### STUDY MATERIAL

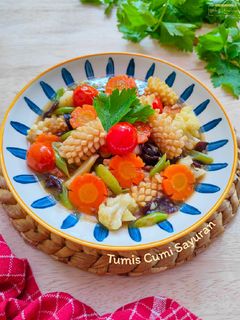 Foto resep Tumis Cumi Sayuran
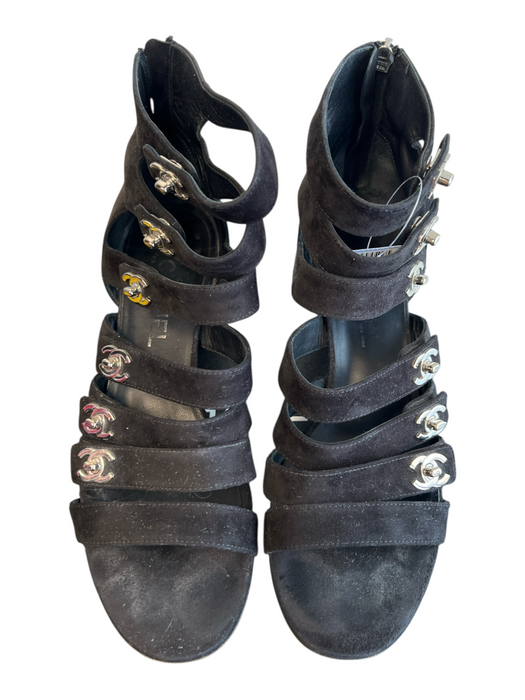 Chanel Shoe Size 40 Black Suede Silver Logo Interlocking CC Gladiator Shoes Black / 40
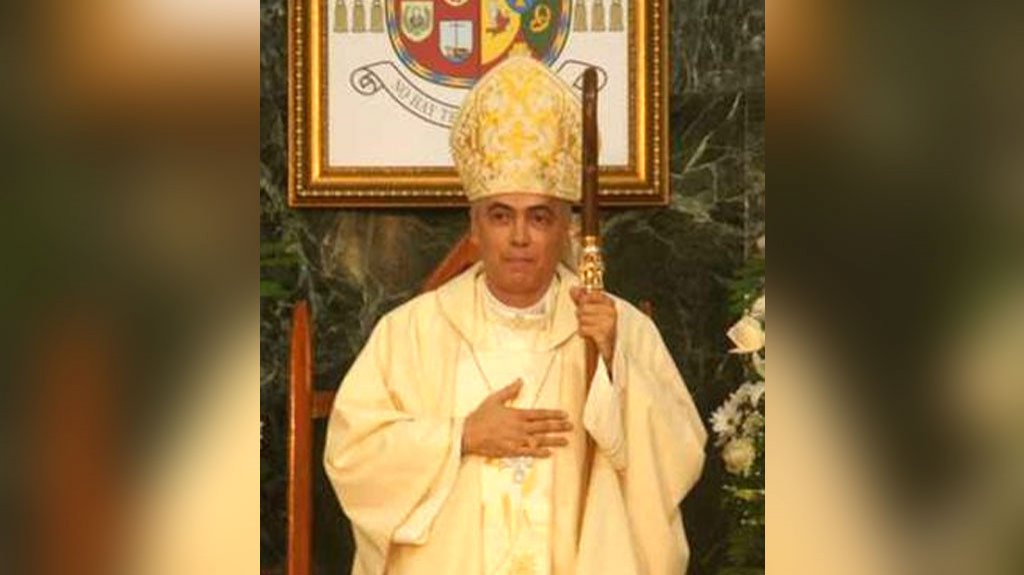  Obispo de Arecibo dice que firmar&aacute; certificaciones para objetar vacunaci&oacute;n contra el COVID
--
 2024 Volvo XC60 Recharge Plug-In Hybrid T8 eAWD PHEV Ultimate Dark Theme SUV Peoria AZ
==
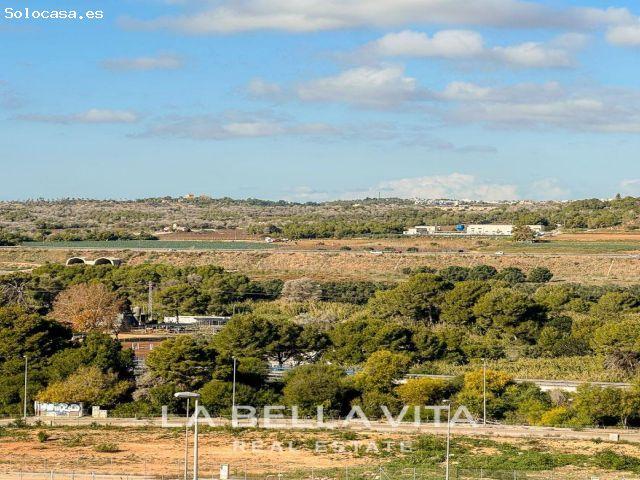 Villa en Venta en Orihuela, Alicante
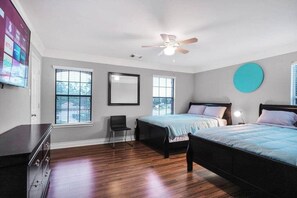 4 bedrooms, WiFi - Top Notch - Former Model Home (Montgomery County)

### GOAL OF THE EXERCISE
Print the line above containing "Villa en Venta en Orihuela, Alicante", the line containing "4 bedrooms, WiFi", and everything between them, exactly as written. Pictures stay out.

### RESULT OF THE TASK
 Villa en Venta en Orihuela, Alicante
 4 bedrooms, WiFi - Top Notch - Former Model Home (Montgomery County)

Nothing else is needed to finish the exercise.